Just last week was consumed by the childish tit-for-tat over when the president would even speak to a joint session of Congress, as if this was the salient issue at hand. The president attempted to schedule the event for this Wednesday, while Speaker John Boehner said “no thanks” and forced Obama to shift his visit to Thursday. Even on Thursday the president faces more game-playing, as he must take to the podium especially early in the evening (7PM ET) in order to squeeze his speech in before the National Football League kicks off its season later that night.
We now find ourselves mired in a great recession from which we cannot seem to shake loose. Just when a glimmer of good job news peeks through the dark economic clouds, we hear about yet another batch of lay-offs or plant closings. Recently, I saw a number of news reports on job fairs, and one in LA, in particular, has stuck in my mind, where thousands of people had lined up to give their 30-second pitch to prospective employers.

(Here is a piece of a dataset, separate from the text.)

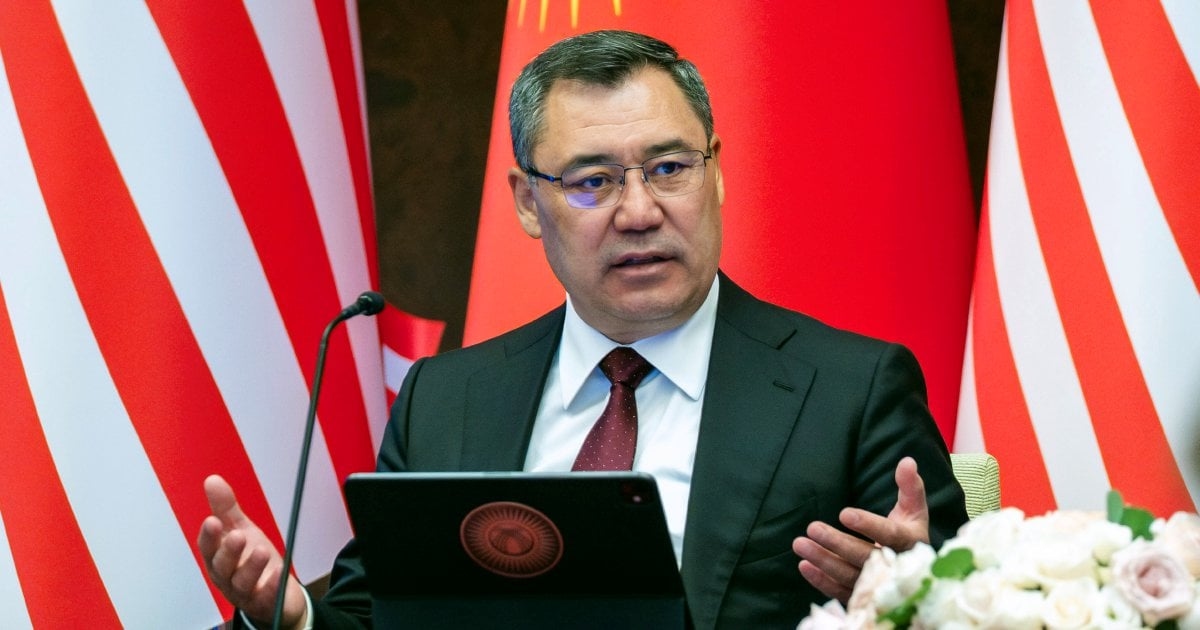 Kyrgyz President meets Malaysian company officials, discusses investment opportunities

It was as if they were pitching a movie to a LA film producer, where, in a matter seconds, they must make their own personal story so compelling that someone, anyone, will give them a shot.

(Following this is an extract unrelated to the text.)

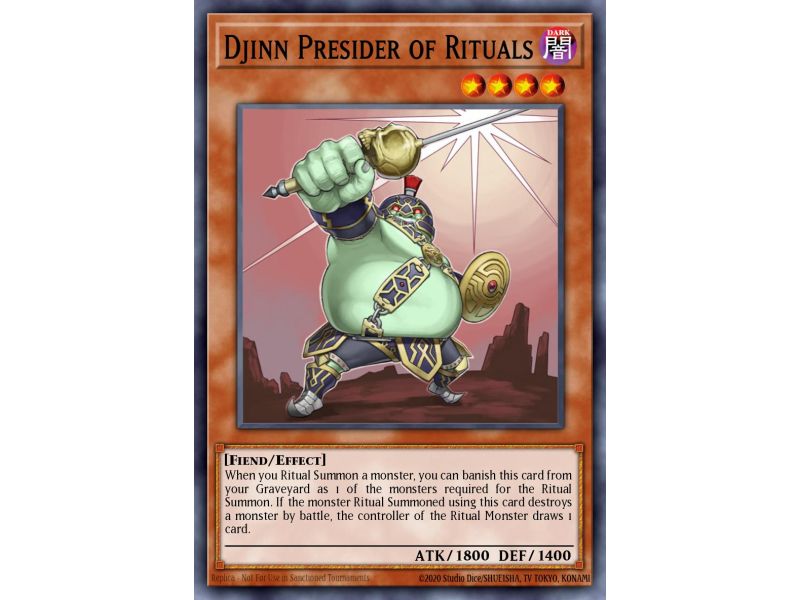 Djinn Presider of Rituals (Super Rare)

In watching various Labor Day festivities over the long weekend, I often wondered about what those individuals in LA and elsewhere, who are without jobs or adequate pay, were thinking. To me, the speeches and rallies and cable TV shows, among other activities, merely amplified tired and worn-out political rhetoric and treated people as mere pawns in a game.
Of course, there is no silver bullet – no single policy prescription, no grand plan – that will enable the country to right itself. And I don’t think most Americans are waiting for such a magic plan; more than anyone, they recognize just how difficult these times are, that moving ahead will not be easy, and that all the game-playing is only delaying the inevitable hard work that must be done.
So, our leaders need to do a number of critical things moving ahead, all of which must take the form of a narrative – we desperately need a coherent story about ourselves. Such a narrative must capture and reflect people’s sense of reality – where we are, how we got here, and how we feel. Specific policy proposals must speak to this context and help people see why and how the proposals will help us move ahead. And, please, during this process, spare us the false promises and inflating of expectations.
Importantly, I also believe we must find ways for the American people to step forward and become co-creators of this narrative. I’ll have more to say about this in the coming weeks. But for now, simply look at the clean-up efforts in the aftermath of Hurricane Irene, in places like Vermont and New Jersey, which show the capacity and resolve of Americans. These and other situations should be harnessed to make room for people to come together and restore their faith in our ability to get things done. Whether it’s cleaning up schools, weather-stripping homes, job training, or taking action in the aftermath of a natural disaster, there are things we can and should do. Then as we move ahead, we can begin to give shape to our new narrative.
My hope is that the president and his Republican counter-parts only step forward to offer their views if they are ready and willing to speak to people’s real concerns and their aspirations, and to help us create a new story about ourselves.
Otherwise, maybe they should stay home and get ready for the football game.